Data extract |
== Segment start ==
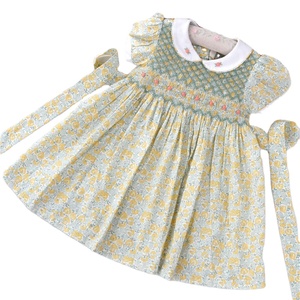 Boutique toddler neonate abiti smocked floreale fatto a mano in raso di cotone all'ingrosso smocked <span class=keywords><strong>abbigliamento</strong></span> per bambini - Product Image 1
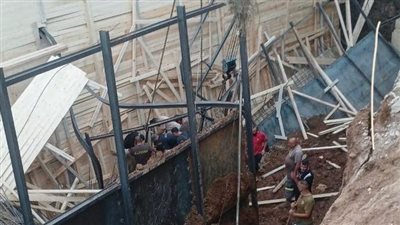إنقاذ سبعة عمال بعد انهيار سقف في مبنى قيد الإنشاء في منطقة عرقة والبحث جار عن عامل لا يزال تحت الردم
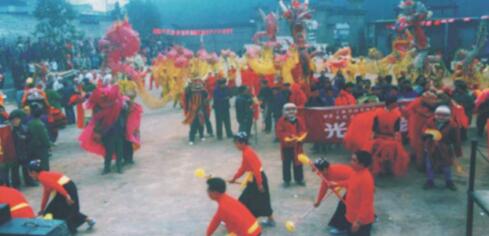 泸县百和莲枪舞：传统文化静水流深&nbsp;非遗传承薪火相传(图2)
== Segment end ==
== Segment start ==
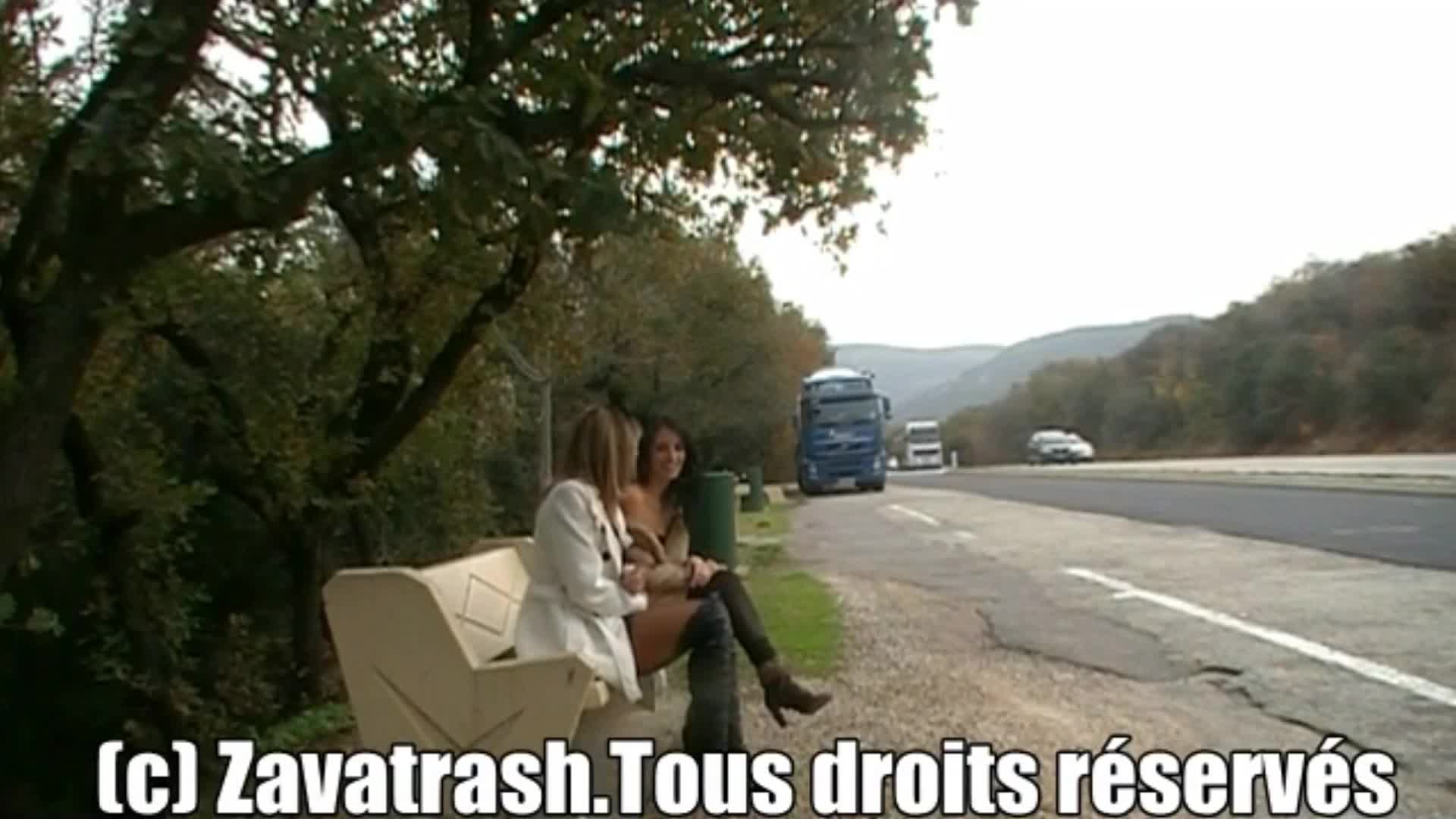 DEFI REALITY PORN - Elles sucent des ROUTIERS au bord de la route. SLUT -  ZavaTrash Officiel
== Segment end ==
Exercise goal | Please repeat the lines of the material above exactly, starting with the line that contains "إنقاذ سبعة عمال" and ending with the line that contains "泸县百和莲枪舞：传统文化静水流深&nbsp;非遗传承薪火相传(图2)". Leave the pictures out.

Exercise output |
إنقاذ سبعة عمال بعد انهيار سقف في مبنى قيد الإنشاء في منطقة عرقة والبحث جار عن عامل لا يزال تحت الردم
 泸县百和莲枪舞：传统文化静水流深&nbsp;非遗传承薪火相传(图2)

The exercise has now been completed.